Jetzt versuche ich mich gerade in Java Web und habe das gleiche Programm geschrieben. Das macht allerdings keinen Muckser.

Es wirft zwar keine Exception aber ich denke der Datenbanktreiber fehlt.

Bei der normalen Java Desktop Application habe ich den JDBC Treiber ins /lib/ext Verzeichnissvkopieren müßen damit es funktioniert.

Doch wie funktioniert es bei Java Web. Wo muss da der Treiber hin. Bzw. kann ich da den selben Treiber nehmen.

Mein Lehrer hat gemeint der Treiber muss ebenfalls irgendwohin kopiert werden und die Web.xml Datei muss angepasst werden. Er weiß aber auch nichts genaueres, da er keine Unterlagen mehr dazu hat.
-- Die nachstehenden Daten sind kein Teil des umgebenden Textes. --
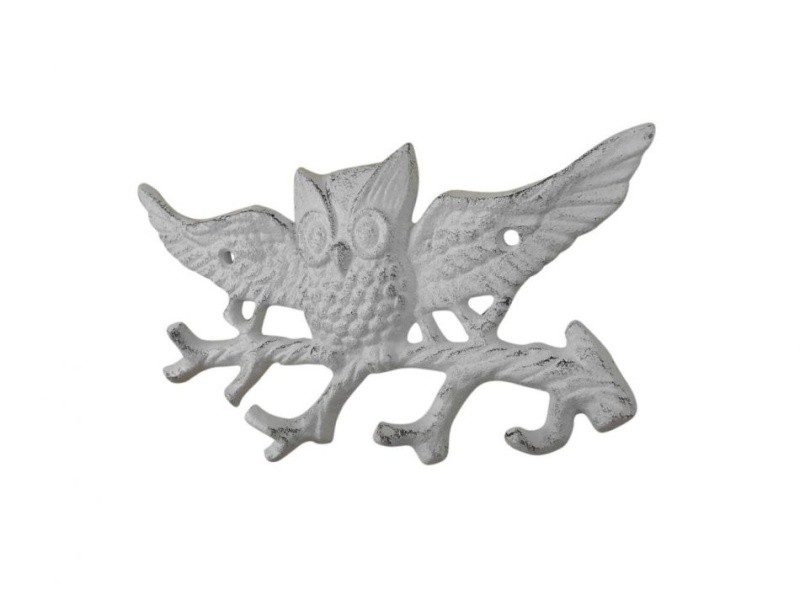 Whitewashed Cast Iron Flying Owl Landing On A Tree Branch Decorative Metal Wall Hooks 7.5"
Es wäre super wenn mir da jemand helfen könnte.

Vielen Dank 

Gruß Timo.


----------



## L-ectron-X (15. Okt 2009)

Zu deinem Problem habe ich keinen Ansatz, ich habe nichts mit JSP zu tun.
Aaaber...


Timo. hat gesagt.:


> Bei der normalen Java Desktop Application habe ich den JDBC Treiber ins /lib/ext Verzeichnissvkopieren müßen damit es funktioniert.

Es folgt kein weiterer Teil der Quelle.